The name South Manchester Synagogue refers to both an Orthodox Jewish community in south Manchester, England and to the buildings that it occupies. In 2002, the community relocated from synagogue buildings in the Fallowfield district of Manchester to new premises in Bowdon, Altrincham, Greater Manchester.

History 
South Manchester Synagogue was founded in 1872 by a group of people who wished to cater for those Ashkenazi families who lived south of Manchester city centre. In 1913, the congregation moved from premises in Sidney Street, Chorlton on Medlock, to a new building in the then semi-rural location of Wilbraham Road, Fallowfield. This was to be its home for nearly 90 years.

The synagogue flourished for many years in its new location, due in no small part to the arrival of successive waves of refugees from Europe in the 1930s. Such was the growth in membership, that an extension had to be built to the women's gallery, and later additional parallel services had to be held in the new synagogue hall during the High Holy Days. Membership peaked at over 800 during the 1970s.

The synagogue has a number of charismatic leaders, including for many years Rabbi Felix Carlebach, Chazan Solomon Morris and more recently Rabbi Yitzchok Rubin. That tradition of vibrant leadership was later continued by Rabbi Dovid Lewis and Chazan Michael Isdale.

Throughout its history, the synagogue has had to come to terms with demographic trends within the community. In the same way as the move to Fallowfield reflected the move of the membership out of the city centre, so its most recent history reflects the move of many members of the congregation to Hale, Bowdon and the surrounding area.

New synagogue building in Bowdon 
The South Manchester Synagogue building in Bowdon is a purpose-built contemporary building.
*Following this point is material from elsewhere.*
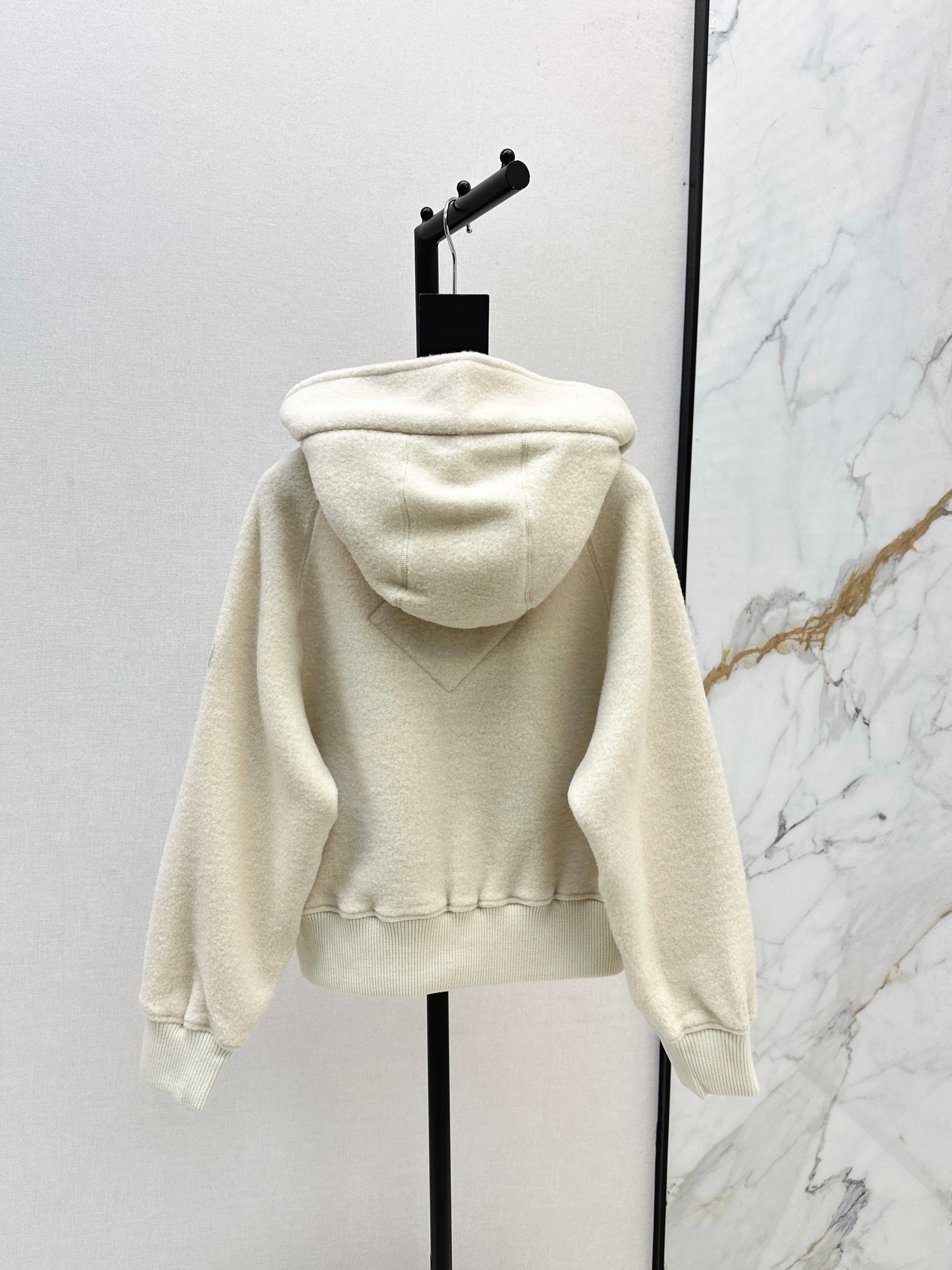 25 Wool sports sweatshirt jacket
Constraints posed by the compact site necessitated stacking the principal rooms – the galleried synagogue and a large communal hall – one above the other. Use was made of the sloping site to place the communal hall at lower-ground level and to create a sunken garden with a safe play area for children.

The main entrance is a glazed foyer with voids reaching down to the lower-ground floor and up to the first-floor entrance to the women's gallery, admitting daylight into the heart of the building.
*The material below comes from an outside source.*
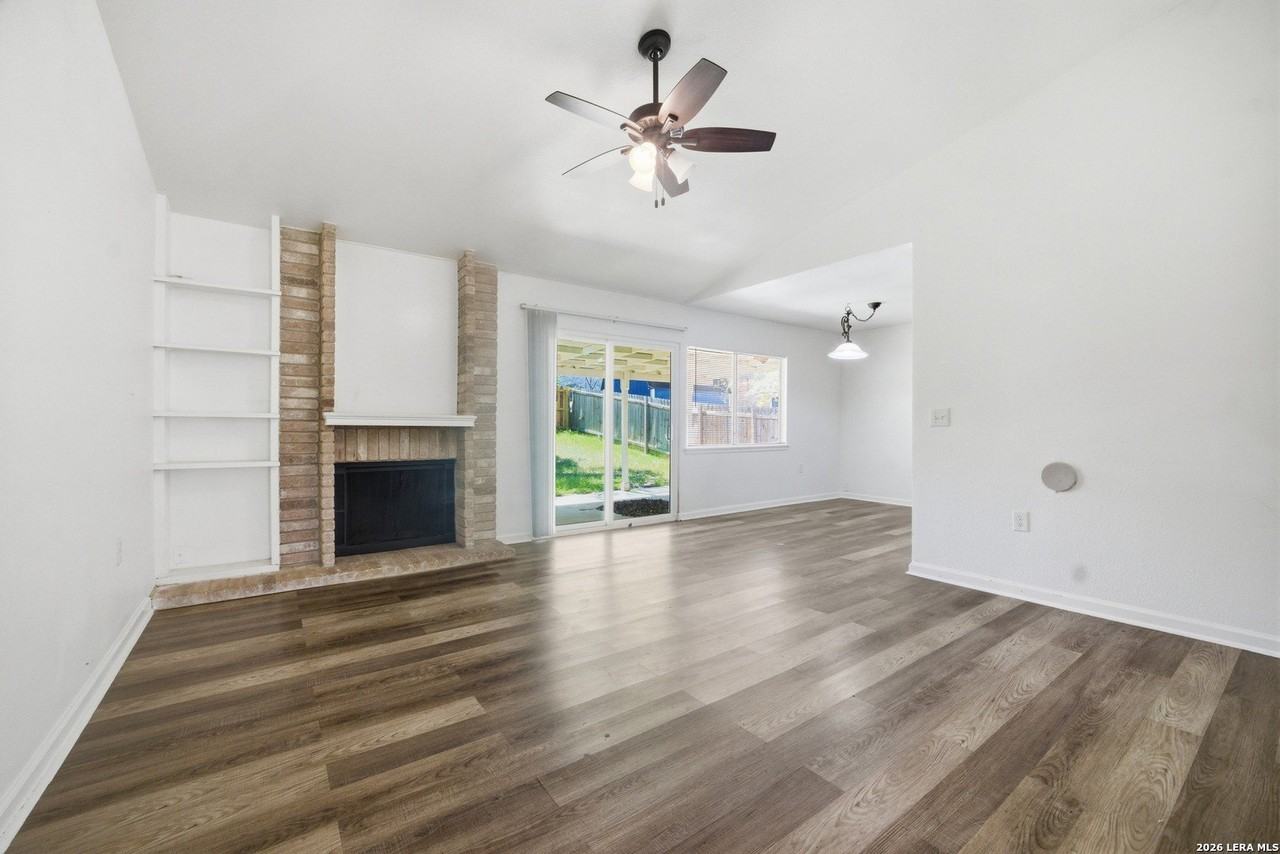 5722 Misty Gln - Photo 7 of 31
The synagogue itself is square with the bimah set centrally in a traditional arrangement. The low pitched roof rises to a glazed lantern over the bimah with an exposed steel roof structure that further emphasises the latter's position and importance. The women's gallery is arranged on three sides of the main space and care has been taken to create a degree of intimacy while still being able to accommodate large numbers for major festivals.
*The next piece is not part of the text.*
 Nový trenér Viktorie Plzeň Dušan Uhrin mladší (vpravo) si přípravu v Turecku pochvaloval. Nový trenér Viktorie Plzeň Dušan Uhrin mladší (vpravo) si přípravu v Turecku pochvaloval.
The windows on each side of the women's gallery are fitted with stained glass windows by the Scottish artist John Clark. The windows represent Rosh Hashanah and Yom Kippur and the festivals of Sukkot, Pesach and Shavuot. Further stained glass windows are planned for the main entrance on the theme of the Exodus and for the three-storey atrium on the Shema. The Torah ark and Synagogue interior are all finished in oak to maintain the light, airy ambience of the building.

Alongside the synagogue at ground level is the library and Beth midrash in which weekday services are held. A retractable wall allows this area to become part of the main worship space, providing additional seating for Rosh Hashanah and Yom Kippur.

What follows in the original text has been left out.